I KROMERI

I Kromeri (krumer in mòcheno) esistono ancora in valle dei Mòcheni e sono importanti in ambito culturale.

Questi commercianti ambulanti hanno cominciato la loro attività nel lontano 1760 grazie alla politica dell’impero Asburgico (del quale la valle faceva parte) di sviluppo commerciale.

I primi krumer partivano in autunno per andare, suddivisi in piccole squadre, a rifornirsi soprattutto a Sandel, in Boemia, dove acquistavano per lo più immagini sottovetro.

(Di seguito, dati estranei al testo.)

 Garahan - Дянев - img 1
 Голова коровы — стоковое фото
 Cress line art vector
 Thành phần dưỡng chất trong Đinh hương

Queste raffigurazioni venivano poi vendute in Ungheria, Transilvania, ai confini dell’impero russo, in Sassonia e ai confini dell’impero ottomano.

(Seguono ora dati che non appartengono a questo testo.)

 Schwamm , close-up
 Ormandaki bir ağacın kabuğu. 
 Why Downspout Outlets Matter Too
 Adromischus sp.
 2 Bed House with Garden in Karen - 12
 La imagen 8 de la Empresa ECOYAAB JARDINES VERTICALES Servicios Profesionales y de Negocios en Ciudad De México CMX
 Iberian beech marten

Dalla fine dell’800 i Kromeri (che erano 20.000 in tutto l’Impero) commerciavano invece piccole merci prodotte in loco nelle aree periferiche dei paesi sudtirolesi ed austriaci, approfittando della mancanza di negozi.

Prima della seconda guerra mondiale il commercio dei Kromeri si rilevò solo nell’attuale Sudtirolo.

I venditori ambulanti mòcheni partivano il lunedì a piedi dalla valle per raggiungere la stazione di Pergine da dove partivano per Trento e Bolzano, che erano i luoghi dove si rifornivano, poi si dividevano nelle varie zone del Sudtirol. Il sabato, dopo aver venduto per lo più stoffe, vestiti, fermagli, giocattoli e pettini, tornavano a casa. Questi venditori venivano ospitati solitamente dagli stessi sudtirolesi in cambio di qualche sconto e l’arrivo del krumer era un momento molto atteso dagli abitanti. Questo fenomeno ha portato perciò una buona pubblicità alla valle.

Questi krumer lavoravano stagionalmente e avevano il compito, oltre che di portare ricchezza, anche di fare arrivare notizie nella valle.

Al giorno d’oggi le licenze di Kromero nella valle sono una trentina e tutte a Fierozzo e Frassilongo. Essi ormai non lavorano più stagionalmente, ma annualmente.